The demand for American firearms are in high demand in Mexico as laws are restrictive and high-powered weapons such as AK-47 style pistols are only allowed to be used by the Mexican military. Therefore Mexican cartels turn to the United States border towns to trafficking firearms to arm their enforces such as the Juarez Cartel’s enforcement arm, La Linea (the line). (CNN June 2012)
As the Mexican cartels cross the border in search for United States suppliers, corruption runs rampant in the US border towns such as Columbus, NM. A huge scandal was discovered in this small town where officials were found to be involved in trafficking weapons to a Mexican cartel. The federal sweep of the town resulted in the arrest of three local officials and other individuals who indicted with charges from laundering money to trafficking weapons to the cartel.
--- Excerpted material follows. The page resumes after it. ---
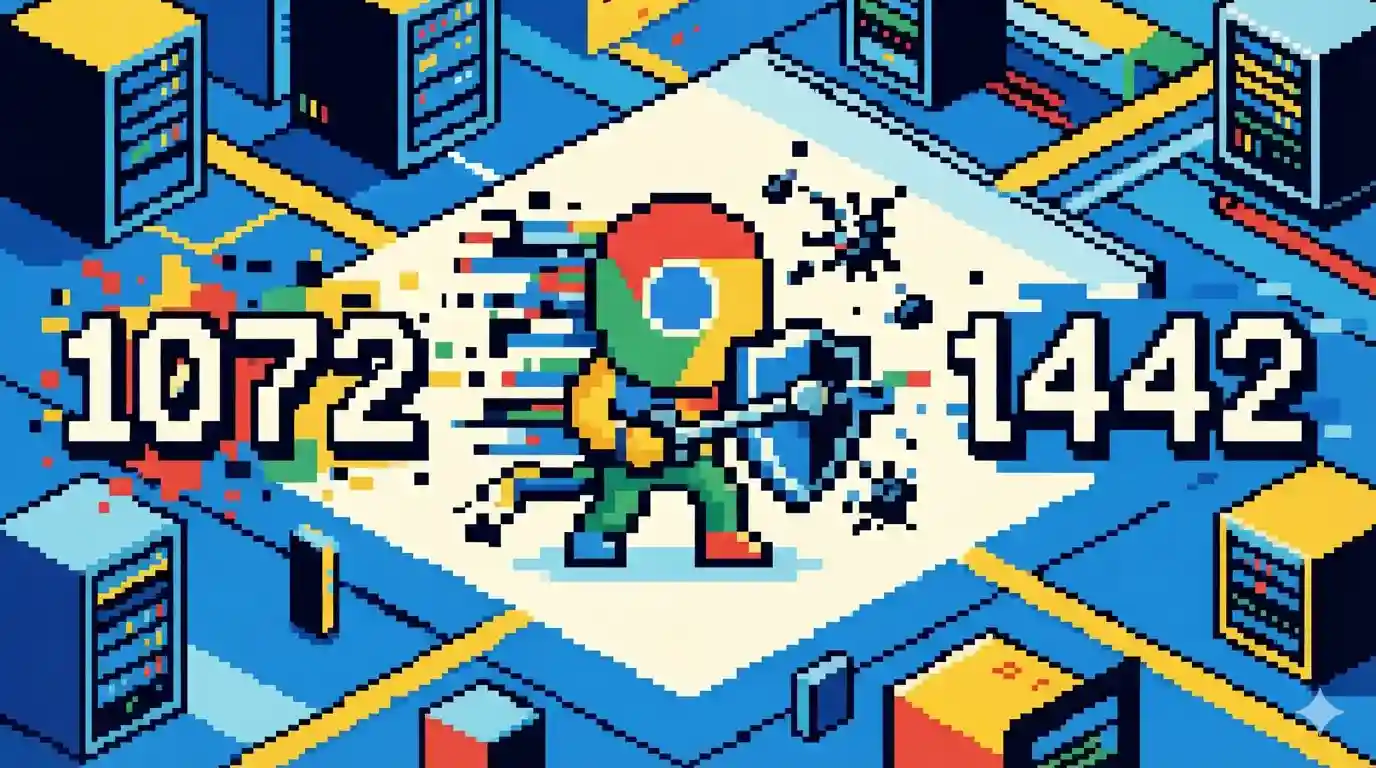 Abstract editorial graphic representing a Chrome browser security update accelerated by AI-driven vulnerability triage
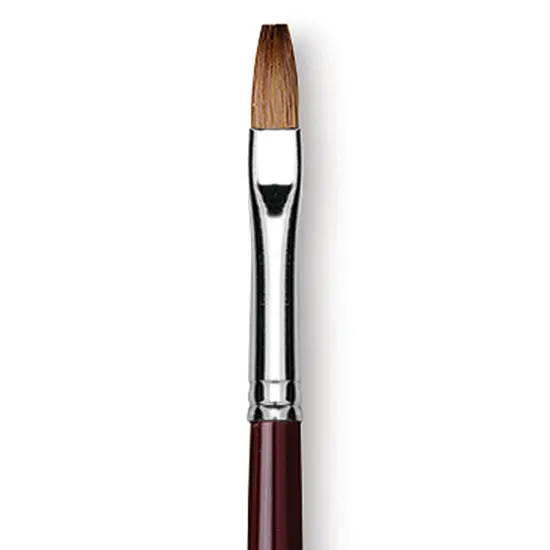 Da Vinci Kolinsky Red Sable Oil Brush - Flat, Long Handle, Size 6 {1}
Eddie Espinoza, the former mayor, was charged with and plead guilty to firearms smuggling, conspiracy, and making false statements in acquiring guns. (CNN June 2012)

Unfortunately the discovery of the arms trafficking scandal and the arrests of local officials is not the end of the problem in Columbus, NM.

The town is still desperately trying to recover from the corruption but the town was left with unreconciled books as spending had gone unchecked and state auditors were never aware of it. The 5 member police department was disbanded after the arrest of the police chief because the town could not continue to pay the officers. Therefore the town now relies on Luna County’s Sheriff’s office to police Columbus, once again leaving the town open and vulnerable to corruption by Mexican cartels. (CNN June 2012)
The town is in a complete state of poverty with money owed to both the state and federal governments in addition to using grant funds to keep the town functioning at a minimal level. In the aftermath of the scandal, Columbus is left with no choice but to fight to survive after such a shocking and disappointing discovery.